The Gulf states, particularly Saudi Arabia, seem to proceed with a coherent policy and well-crafted strategy of engaging and reintegrating Iraq more than the position before Saddam’s invasion of Kuwait. Much has changed since, from leadership style and ideology to society and economy. The tectonic shift in the approach to Iraq originates from compulsions of geopolitics and geostrategy. The Saudi and Emiraiti approach to Iraq goes beyond the executive authority in Baghdad. The two countries are reaching out to all possible avenues in the quest for ‘broad-based’ engagement. For that matter, Iraqi Shiites remain on a higher priority. Thus, Muqtada’s high profile tour!
The man in the limelight is no stranger to headlines. Time listed him amongst the 100 most influential people in 2008. He rarely shows up in public yet has hundreds of thousands of followers.
The ascent of an enigmatic leader
Muqtada al-Sadr hails from Iranian ancestry and his father Ayatollah Mohammed Sadiq Sadr, a prominent Shia cleric, was allegedly murdered by Saddam’s intelligence operatives in 1999 “due to his outspokenness.” The 23-year-old went into hiding for four years before appearing in his hometown of Najaf as the US troops overran the Iraqi territory. His marriage to the daughter of Lebanese origin Grand Ayatollah Muhammad Baqir al-Sadr helped boost his credentials as a Shiite leader as well as a politician.
Muqtada’s core support base rests largely amongst the urban Shia poor, predominantly in Baghdad’s Sadr city (earlier called Saddam city). In February, he used his power base to shake things up for Iraqi Prime Minister Haider al-Abadi seeking the promised reforms as well as anti-corruption measure pledged after agitation in 2015.
Saudi invitation for Muqtada following inroads with the Abadi government indicates that the middle-aged populist is seen as the main opposition force in the country, which has repeatedly challenged Iran-backed rulers in Baghdad.
Muqtada’s political evolution has not been so smooth. Since his emergence in 2003, he has taken a different route to capitalize on his father’s legacy and enhance his personal clout. He posed a serious challenge to invading American and British forces. Shrewdly, he portrayed his struggle as a natural nationalistic reaction to foreign annexation instead of basing it explicitly on sectarian grounds. Washington mulled over eliminating him but shied away from it for the fear of severe backlash.

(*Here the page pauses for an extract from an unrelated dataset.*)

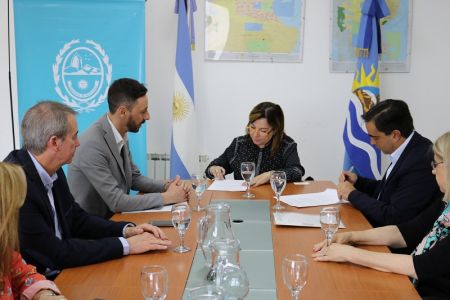 El Gobierno de Santa Cruz firmó acuerdos educativos de cooperación con PAE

Despite his repeated and often convincing bids at leading an Iraqi nationalist movement, the Sunnis, as well as observers, have not forgotten the sectarian massacres his Jaish al-Mahdi or Mahdi army had committed till 2008. Besides, he is alleged to have target killed political rivals as well.
After the withdrawal of US troops, Sadr renamed his mercenaries the Peace Companies or Sarāyā al-Salām, causing a split into numerous Shiite militias. Some even became rivals, eventually overshadowing his Sarāyā. Sadr unsuccessfully wrestled to tame the breakaway militia but resorted to agitational politics.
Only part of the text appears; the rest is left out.